(Extracted data entries)
....
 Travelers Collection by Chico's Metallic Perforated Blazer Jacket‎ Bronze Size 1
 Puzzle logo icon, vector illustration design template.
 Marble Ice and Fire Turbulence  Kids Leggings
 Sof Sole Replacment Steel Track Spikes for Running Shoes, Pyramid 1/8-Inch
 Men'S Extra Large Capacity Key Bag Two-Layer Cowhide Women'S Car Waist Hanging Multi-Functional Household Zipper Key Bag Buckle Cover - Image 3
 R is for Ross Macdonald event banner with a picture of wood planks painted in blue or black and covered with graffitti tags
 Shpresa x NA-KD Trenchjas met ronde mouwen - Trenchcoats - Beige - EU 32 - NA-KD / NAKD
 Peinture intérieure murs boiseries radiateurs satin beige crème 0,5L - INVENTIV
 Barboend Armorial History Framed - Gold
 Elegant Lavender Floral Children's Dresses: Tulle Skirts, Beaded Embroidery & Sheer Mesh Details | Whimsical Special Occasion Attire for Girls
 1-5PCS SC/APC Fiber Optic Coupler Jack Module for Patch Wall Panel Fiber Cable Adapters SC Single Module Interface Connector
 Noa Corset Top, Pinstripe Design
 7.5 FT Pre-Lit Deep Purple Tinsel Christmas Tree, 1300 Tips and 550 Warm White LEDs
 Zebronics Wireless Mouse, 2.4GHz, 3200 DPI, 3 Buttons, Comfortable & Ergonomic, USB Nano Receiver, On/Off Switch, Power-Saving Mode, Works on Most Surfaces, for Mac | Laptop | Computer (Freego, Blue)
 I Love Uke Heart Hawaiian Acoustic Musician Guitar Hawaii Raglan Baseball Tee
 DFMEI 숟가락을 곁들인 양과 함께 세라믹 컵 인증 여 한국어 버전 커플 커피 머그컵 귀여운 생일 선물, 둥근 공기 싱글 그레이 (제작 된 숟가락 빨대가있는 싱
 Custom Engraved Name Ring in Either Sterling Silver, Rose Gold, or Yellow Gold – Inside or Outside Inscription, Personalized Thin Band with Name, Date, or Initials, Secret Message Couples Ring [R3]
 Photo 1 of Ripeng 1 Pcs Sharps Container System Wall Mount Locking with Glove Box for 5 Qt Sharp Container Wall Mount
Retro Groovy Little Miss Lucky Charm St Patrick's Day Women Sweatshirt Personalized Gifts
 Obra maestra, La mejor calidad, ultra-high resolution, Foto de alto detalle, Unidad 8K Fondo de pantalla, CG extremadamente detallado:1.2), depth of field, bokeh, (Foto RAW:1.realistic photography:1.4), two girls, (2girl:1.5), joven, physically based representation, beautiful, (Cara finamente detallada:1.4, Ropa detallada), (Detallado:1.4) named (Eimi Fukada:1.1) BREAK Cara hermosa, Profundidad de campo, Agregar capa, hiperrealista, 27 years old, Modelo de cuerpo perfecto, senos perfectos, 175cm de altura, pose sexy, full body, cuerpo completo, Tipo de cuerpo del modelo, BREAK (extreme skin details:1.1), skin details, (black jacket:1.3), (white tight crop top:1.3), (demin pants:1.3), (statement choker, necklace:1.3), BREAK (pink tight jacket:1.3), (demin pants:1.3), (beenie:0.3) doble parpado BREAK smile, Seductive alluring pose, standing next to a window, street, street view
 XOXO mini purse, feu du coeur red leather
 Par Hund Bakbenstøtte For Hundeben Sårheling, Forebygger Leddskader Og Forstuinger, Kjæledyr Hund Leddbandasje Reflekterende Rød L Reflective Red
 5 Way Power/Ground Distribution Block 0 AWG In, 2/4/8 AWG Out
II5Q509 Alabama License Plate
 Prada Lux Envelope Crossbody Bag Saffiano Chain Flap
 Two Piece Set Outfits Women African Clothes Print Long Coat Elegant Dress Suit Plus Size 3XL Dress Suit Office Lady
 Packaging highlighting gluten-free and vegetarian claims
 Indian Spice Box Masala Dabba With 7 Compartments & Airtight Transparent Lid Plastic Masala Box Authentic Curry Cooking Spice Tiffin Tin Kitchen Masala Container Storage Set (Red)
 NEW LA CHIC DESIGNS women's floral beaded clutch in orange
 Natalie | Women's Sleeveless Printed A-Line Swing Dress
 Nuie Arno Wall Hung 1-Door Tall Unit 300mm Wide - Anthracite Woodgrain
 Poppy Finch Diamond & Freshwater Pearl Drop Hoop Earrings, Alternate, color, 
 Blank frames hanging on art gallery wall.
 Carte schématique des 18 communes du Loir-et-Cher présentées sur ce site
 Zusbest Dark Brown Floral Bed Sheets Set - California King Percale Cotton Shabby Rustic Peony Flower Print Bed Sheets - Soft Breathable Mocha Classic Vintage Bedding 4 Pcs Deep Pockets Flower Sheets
....
# Work to be completed:
Please copy the lines above from the line with "Peinture intérieure murs" up to and including the line with "Photo 1 of Ripeng", exactly as written and with nothing else.

# Result of the task:
 Peinture intérieure murs boiseries radiateurs satin beige crème 0,5L - INVENTIV
 Barboend Armorial History Framed - Gold
 Elegant Lavender Floral Children's Dresses: Tulle Skirts, Beaded Embroidery & Sheer Mesh Details | Whimsical Special Occasion Attire for Girls
 1-5PCS SC/APC Fiber Optic Coupler Jack Module for Patch Wall Panel Fiber Cable Adapters SC Single Module Interface Connector
 Noa Corset Top, Pinstripe Design
 7.5 FT Pre-Lit Deep Purple Tinsel Christmas Tree, 1300 Tips and 550 Warm White LEDs
 Zebronics Wireless Mouse, 2.4GHz, 3200 DPI, 3 Buttons, Comfortable & Ergonomic, USB Nano Receiver, On/Off Switch, Power-Saving Mode, Works on Most Surfaces, for Mac | Laptop | Computer (Freego, Blue)
 I Love Uke Heart Hawaiian Acoustic Musician Guitar Hawaii Raglan Baseball Tee
 DFMEI 숟가락을 곁들인 양과 함께 세라믹 컵 인증 여 한국어 버전 커플 커피 머그컵 귀여운 생일 선물, 둥근 공기 싱글 그레이 (제작 된 숟가락 빨대가있는 싱
 Custom Engraved Name Ring in Either Sterling Silver, Rose Gold, or Yellow Gold – Inside or Outside Inscription, Personalized Thin Band with Name, Date, or Initials, Secret Message Couples Ring [R3]
 Photo 1 of Ripeng 1 Pcs Sharps Container System Wall Mount Locking with Glove Box for 5 Qt Sharp Container Wall Mount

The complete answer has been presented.